Although I’m pulled from my own thoughts, having begun to imagine the stories seated at each of these tables, I am loathe to interrupt anyone. Not even the few tables with pairs of people talking in animated whispers. Not even them. Not this morning. This morning feels sacred somehow, as guests scroll through their smart phones, scribble into notepads, consult their watches, and wait.
The quiet will end soon.
A man sitting on a lobby couch folds his paper and stands. He’s a tall, stocky guy, I’d guess in his mid 50s, dressed in jeans and a Raiders long-sleeve shirt. He tucks the newspaper into a pocket of his roller bag and guides his luggage out of the lobby lounge.
I step back over to the café side and nearly collide with a conga line of guests leaving their large table meeting. New diners are arriving in twos, some with matching padfolios and some with matching wedding rings.
The quiet. It will end.
A woman races in, arms weighted with bags and folders and gadgets. She rattles off a breakfast order, bounces from foot to foot while the barista and cook prepare, pays for her to go meal and flies out again.

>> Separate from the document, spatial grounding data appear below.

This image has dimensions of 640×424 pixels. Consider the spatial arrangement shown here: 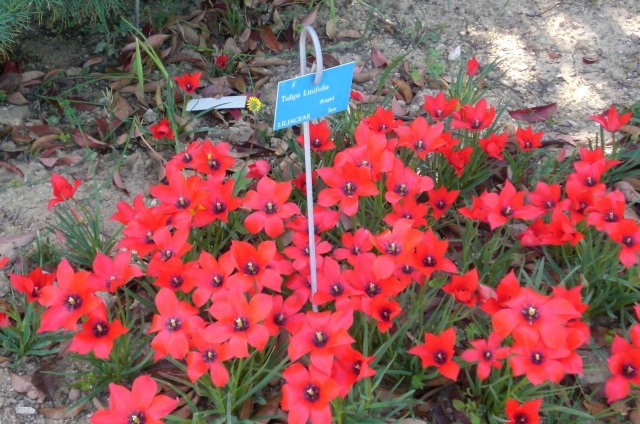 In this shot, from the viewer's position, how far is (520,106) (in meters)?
2.87

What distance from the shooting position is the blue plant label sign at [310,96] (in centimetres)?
151

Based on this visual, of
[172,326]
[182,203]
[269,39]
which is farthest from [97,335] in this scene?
[269,39]

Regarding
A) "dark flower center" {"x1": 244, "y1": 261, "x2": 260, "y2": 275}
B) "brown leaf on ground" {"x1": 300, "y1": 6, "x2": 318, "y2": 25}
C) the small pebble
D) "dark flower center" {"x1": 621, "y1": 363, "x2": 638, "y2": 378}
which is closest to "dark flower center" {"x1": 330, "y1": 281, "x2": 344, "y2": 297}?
"dark flower center" {"x1": 244, "y1": 261, "x2": 260, "y2": 275}

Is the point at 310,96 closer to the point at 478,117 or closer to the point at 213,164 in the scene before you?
the point at 213,164

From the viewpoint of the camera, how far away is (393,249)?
1.61 metres

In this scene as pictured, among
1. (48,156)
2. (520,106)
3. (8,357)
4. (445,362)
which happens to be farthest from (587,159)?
(48,156)

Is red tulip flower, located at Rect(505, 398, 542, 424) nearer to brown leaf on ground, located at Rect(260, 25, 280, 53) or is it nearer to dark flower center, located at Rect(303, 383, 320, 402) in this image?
dark flower center, located at Rect(303, 383, 320, 402)

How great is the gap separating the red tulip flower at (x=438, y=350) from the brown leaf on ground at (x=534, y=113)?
1.50 meters

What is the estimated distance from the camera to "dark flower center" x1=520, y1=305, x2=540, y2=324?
143cm

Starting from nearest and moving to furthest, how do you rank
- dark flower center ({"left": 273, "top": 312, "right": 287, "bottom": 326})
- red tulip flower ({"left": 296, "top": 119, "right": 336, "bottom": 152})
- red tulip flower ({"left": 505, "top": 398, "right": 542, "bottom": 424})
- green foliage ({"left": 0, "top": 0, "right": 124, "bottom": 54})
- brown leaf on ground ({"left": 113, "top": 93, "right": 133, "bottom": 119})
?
red tulip flower ({"left": 505, "top": 398, "right": 542, "bottom": 424}) → dark flower center ({"left": 273, "top": 312, "right": 287, "bottom": 326}) → red tulip flower ({"left": 296, "top": 119, "right": 336, "bottom": 152}) → green foliage ({"left": 0, "top": 0, "right": 124, "bottom": 54}) → brown leaf on ground ({"left": 113, "top": 93, "right": 133, "bottom": 119})

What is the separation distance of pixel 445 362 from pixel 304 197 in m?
0.86

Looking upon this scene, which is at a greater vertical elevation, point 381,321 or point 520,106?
point 381,321

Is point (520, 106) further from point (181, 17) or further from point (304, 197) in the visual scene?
point (181, 17)

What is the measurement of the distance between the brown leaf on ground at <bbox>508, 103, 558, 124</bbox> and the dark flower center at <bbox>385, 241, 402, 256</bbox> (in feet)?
4.63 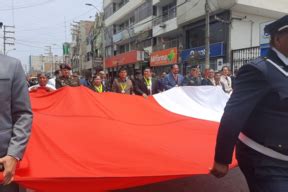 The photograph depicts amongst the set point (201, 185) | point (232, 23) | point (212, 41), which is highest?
point (232, 23)

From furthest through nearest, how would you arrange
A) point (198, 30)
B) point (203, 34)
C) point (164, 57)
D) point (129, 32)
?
point (129, 32) → point (164, 57) → point (198, 30) → point (203, 34)

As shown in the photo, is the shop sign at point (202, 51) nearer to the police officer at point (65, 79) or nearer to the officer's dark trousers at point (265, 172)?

The quiet has gone. In a matter of minutes, the vibration of the cafe has changed to a heightened frequency and the new guests are arriving with intention.
I am still in a space of contemplation, however, and would like to hover here a bit longer. Perhaps this is what endears me to Fall, a sense of being suspended inside the transition from summer to winter. Here, in this narrow window of days, transformation is the priority. Right now, inside this sliver of a harvest morning, it will be the promise of emerging possibilities to carry me through a gorgeous autumn day.